[I want to preface this conversation by reminding everyone that we’re in the beta period for Krita 5.0 already, so it’s unlikely that any user interface stuff will change in the short term. For the most part, the way things are right now are the way they will end up being in 5.0.]
(@raghukamath Thanks for the notification. I’m late because I just don’t check KA as much as I should, considering how popular it has become!)
@EyeOdin my suggestion would be just to tweak it a bit so it is more at the center like this
This has been suggested before, as that’s the way Blender does it.
I’m not against it exactly, but it’s kind inconsistent with the rest of Krita’s design language. Since we don’t have a lot of centered GUI in Krita, it wasn’t something that we originally considered.
@Tom I’m still not sure how I feel about certain settings being put behind a dropdown and certain buttons being removed
Well, I’m not 100% sure about it either, but the general philosophy behind the design was:
Put the things that people use most frequently out front (where they can be easily seen, recognized and used), and tidy the things that are used less frequently into a shared space (thus decreasing the visual clutter and noise associated with constantly showing people buttons that they don’t want to press). This is the same logic that most people use in their kitchen, garage and office–the stuff we use all the time might be on the desk or countertop, while the stuff that we only break out for certain uses is put away in a drawer or cupboard.
Buttons and widgets that are there should be continually useful. (I.E.: Instead of doing nothing during the playing state, the
play button becomes a
pause button. Instead of doing nothing during the stopped state, the
stop button moves the cursor back to the first frame. Instead of doing nothing when you’re at the last frame of your animation, the
next frame button should estimate where you’ll want to place another frame and jump ahead.) We could have unique buttons for all of those concepts, but Eoin and I want a button to almost always do something useful when clicked. Maybe we could do better conveying that visually in the future, but we also run the risk of making the symbology more complicated and less clear.
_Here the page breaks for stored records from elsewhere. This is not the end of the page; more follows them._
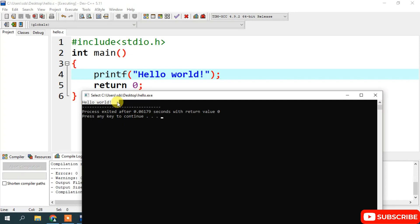That's how you can easily install the latest version of Dev C++ on Windows. I've also shown you how to write a simple Hello World program in C and run it in Dev C++. That's all for this video — thank you for watching. Please like, share, and subscribe, as it really helps me make more videos.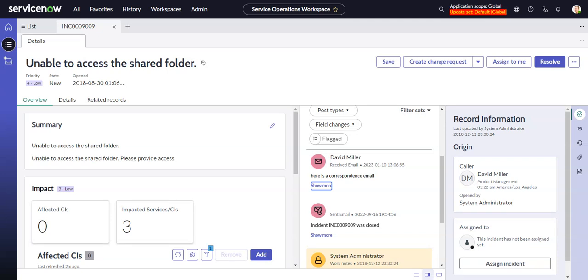This video will look at a new feature in the Tokyo release which is show or hide system and user generated emails in the activity stream filter.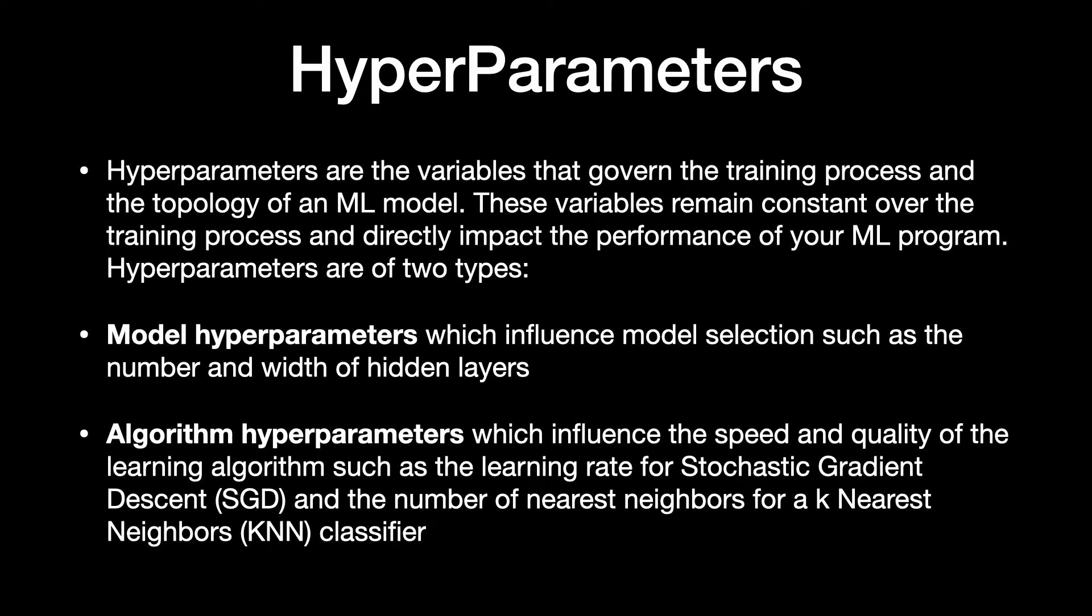Model hyperparameters which influence model selection such as the number and width of hidden layers. Algorithm hyperparameters which influence the speed and quality of the learning algorithm such as the learning rate for stochastic gradient descent (SGD) and the number of nearest neighbors for a K nearest neighbors (KNN) classifier.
Space is a finite resource. We have already had to make concessions and adjustments to reduce the footprint of the titlebar GUI on the Animation Curves Docker, because we have users running relatively low resolution displays who have run into problems with docker layout. It’s easy to look at Krita on a 1440p or 4K display and think of the GUI as a vast expanse of free space, but at 1080p and lower I think it starts to become clear that we need to optimize for space. In the same vein, the idea is that we also have room to grow and add other useful widgets in the future.
Of course, these are all totally subjective and we can debate or discuss each of them. But those are the main reasons why things are the way they are right now (and will be that way in Krita 5.0 too). I think when Krita 5.0 comes out we will get a good idea of whether people agree with my design philosophy or not.
@ogonek I’d really prefer to have the autokey menu next to the add/remove keyframe buttons.
How often do you actually find yourself switching autokey mode, because for me I find that whether I want to use autokey (and what mode) is mainly dependent on the subject/type of animation that I’m working on? It could be that our workflow is very different, so maybe I’m just not seeing it.
And I change the end and start frame all the time, that’s no set and forget to me, especially when I am testing out timing etc… Selection loop is also really nice. But I find it quite cumbersome to actually do a selection.
This makes it sound like you’re using the start and end settings as a sort of workaround, while the real issue is that you find it cumbersome to make selections. If that’s the case, I’d much rather try to improve how we handle making selections on the timeline than move more widgets into the high-traffic area.
make it so that it is possible to drag across the top line (where the frame numbers are) to select all visible unlocked frames below. (like in blender)
for better screenspace economy please let me decrease the number of accessible onion layer slots, so that I can squeeze that window a little tighter. I rarely use all -10 to +10 onions.
make the cloned frames have a different shade
zoom/pan shortcuts to work on the timeline if cursor is hovering there (like in blender)
1, 2, and 4. May be possible, I’ll look into it.
- Can you be more specific? Would it help if they were lighter or darker? Broader stripes or a different pattern? (Keep in mind that we can’t do much with color because we already have color labels for keyframes as well as accessibility considerations.)
sorry for the slightly off topic stuff, is there a dedicated thread for animation development topics/ feature requests?